(Records from a dataset)
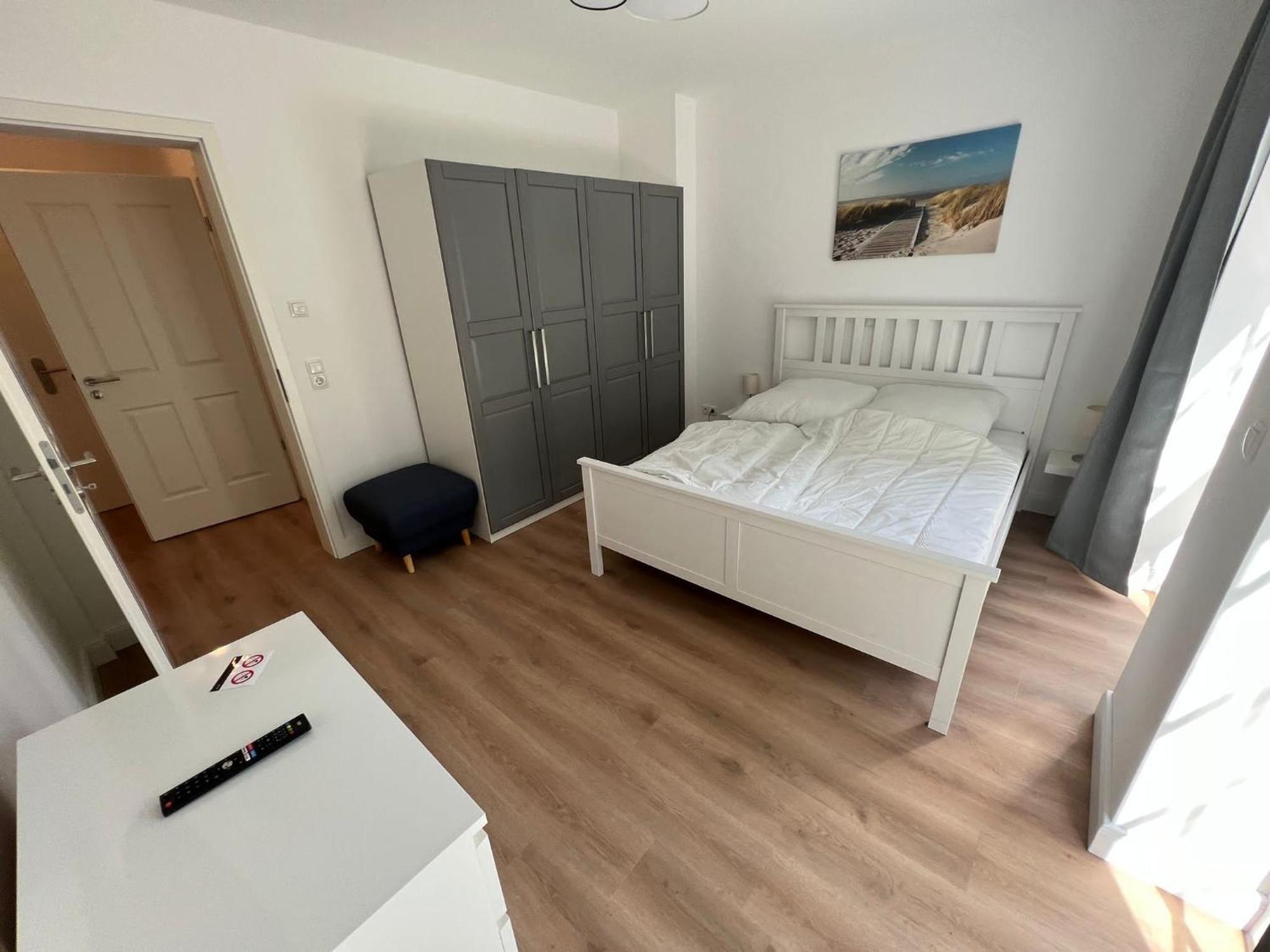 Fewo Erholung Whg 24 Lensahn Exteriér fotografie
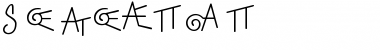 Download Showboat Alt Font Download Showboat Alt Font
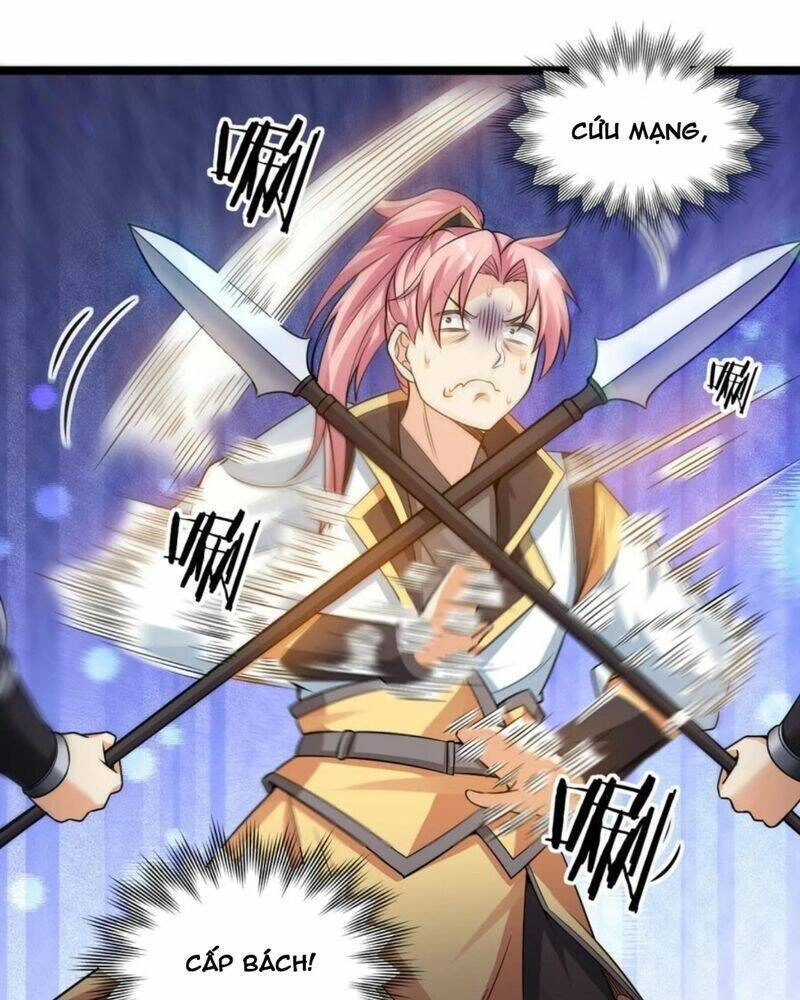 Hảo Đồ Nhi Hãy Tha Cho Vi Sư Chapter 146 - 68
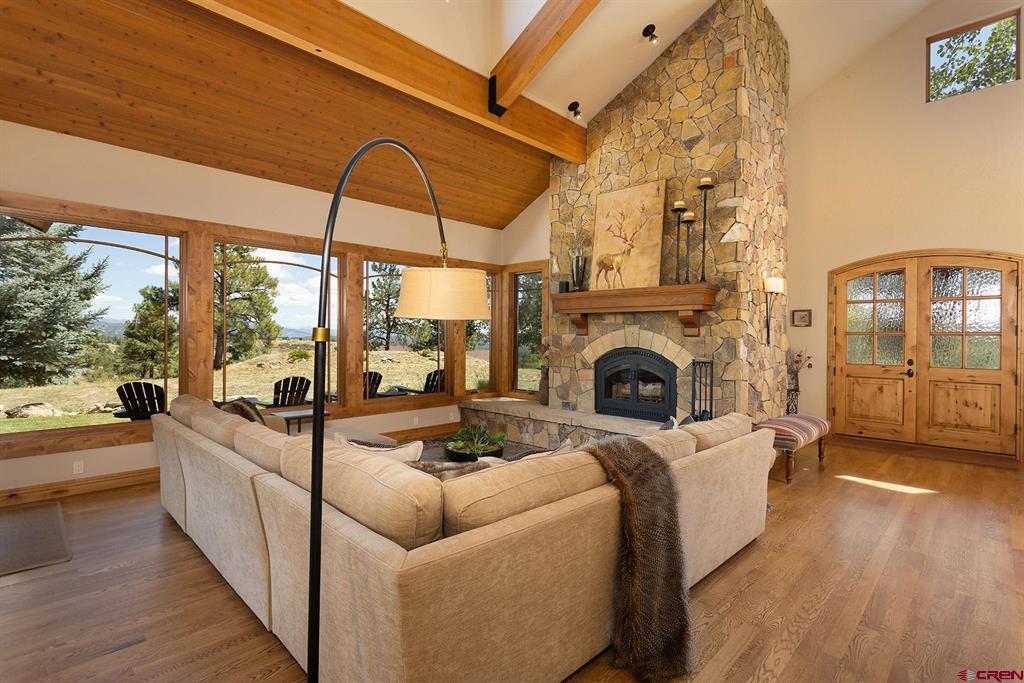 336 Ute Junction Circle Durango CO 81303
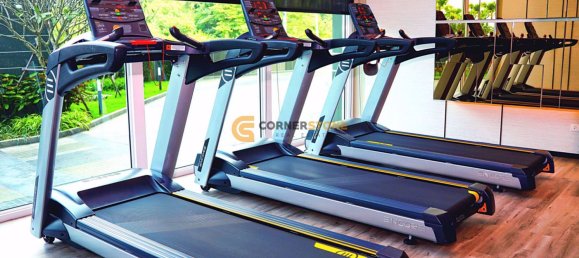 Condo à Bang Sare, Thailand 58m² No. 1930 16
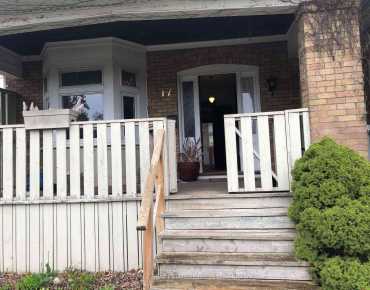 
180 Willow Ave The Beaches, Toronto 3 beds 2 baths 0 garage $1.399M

- Task requirements
All lines from the one containing "Hảo Đồ Nhi Hãy" through the end of the entries, both ends included, should be written out exactly, with no pictures.

- Task solution
 Hảo Đồ Nhi Hãy Tha Cho Vi Sư Chapter 146 - 68
 336 Ute Junction Circle Durango CO 81303
 Condo à Bang Sare, Thailand 58m² No. 1930 16
180 Willow Ave The Beaches, Toronto 3 beds 2 baths 0 garage $1.399M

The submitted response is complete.